It had me thinking of the Asian countries I have visited in the past two years, in comparison to each other, and in comparison to some of the places I have been in Africa.  It’s a unique system of development in this corner of the world, one very dependent on its geography.  There’s massive China.  South Korea, Japan and Taiwan have all followed similar paths, straight down to Singapore.  Then there’s the peninsula with Vietnam, Cambodia, Laos, and Myanmar, all lead by Thailand in regional power and leadership.  The island nations, they have their own type of development, the Philippines, Malaysia, etc.

Common to them all is the boon of tourism.  Unlike Africa, people think of Asia as a “safe” place.  It’s long been part of the backpacker circuit, and has been further pushed and developed in the last 20 years than ever before.  The situation is slightly different in China and Japan, who are welcoming more tourists but also sending out an all-time high as well.  Meanwhile, the peninsula and the island nations are facing a huge influx of transient visitors, some relying greatly on their financial input.

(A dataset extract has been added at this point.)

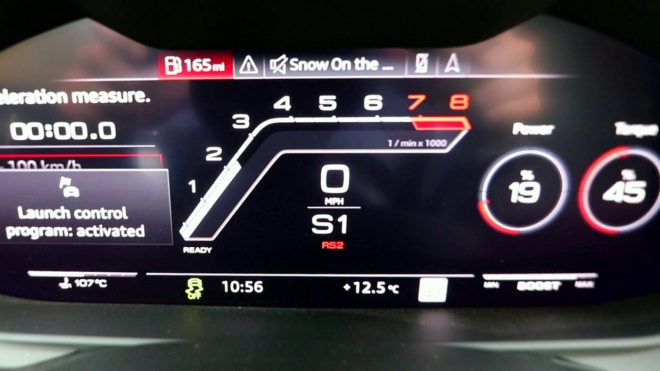 Nový německý superkombík ukázal svou akceleraci, technickým údajům neodpovídá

Often, upon returning from trips, I have written of the downside of tourism.  Primarily, the 3 P’s: pollution, poverty, and prostitution.  I think I should expand on the notion of prostitution, because it is not just young women being forced into intimate interactions, but entire populations.  There is a cultural prostitution, a sense that everything is for sale in these places, and it is tragic.  The more tourist flood in, the more enormous cameras dangle from necks, the more tour buses, stupid guides with little flags, groups with matching hats, youth just in search of a party, elederly in search of 5-star hotels… its enough to make me sick.  It’s enough to make entire nations sick.

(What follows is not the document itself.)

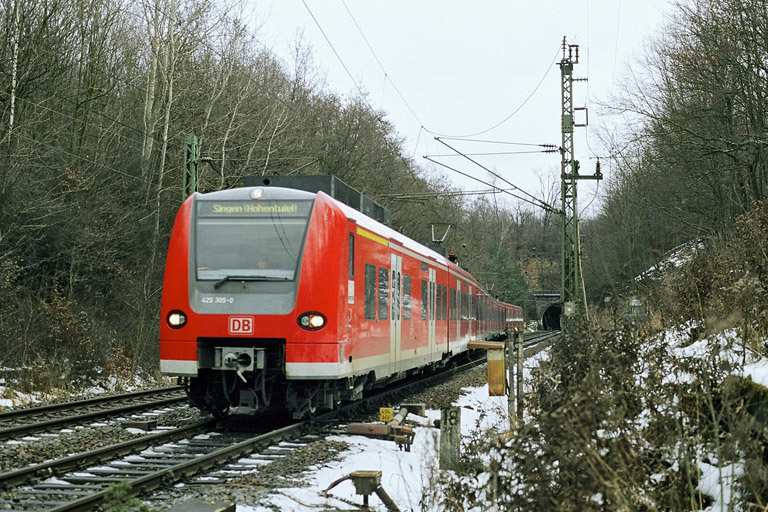 425 305 bei km 18,0 (Januar 2006)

Here are two articles that I think point out the contrast in what has become the search for “authentic” places.  The first discusses how Luang Prabang, a sleepy city in the center of Laos I visited just over a year and a half ago, is dealing with a record number of tourists streaming into its quiet streets.  The second article talks about Myanmar and the situation there, in which a society is being “preserved” to such an throttling extent that it is now starving itself to death.  It’s two ends of the extreme.  And after reading the article on Myanmar, thinking of my cousin, I realize that soon enough that country will open its gates to the floods of foreign visitors and let the rainfall of cash wash away any seeds of culture still in the land.

Lastly, I wanted to follow up on my premise that China has silently regained sole superpower status on our globe.   The article is a wake up call, but I think we, especially the U.S., have hit the snooze button a few too many times to reverse course now.  A U.S. government spokesperson recently spoke of silent diplomacy being used against China.  Ha!  What a crock of shit!  Our soft and hard power are being shown to be exactly what they are, weak.  Our moral legitimacy is in peril, our thirst for war has lost us allies, and with our economy in the toilet, our nation has become a clinger, desperately holding on to resources and the last clutches of geopolitical hegemony as they slip through its grip.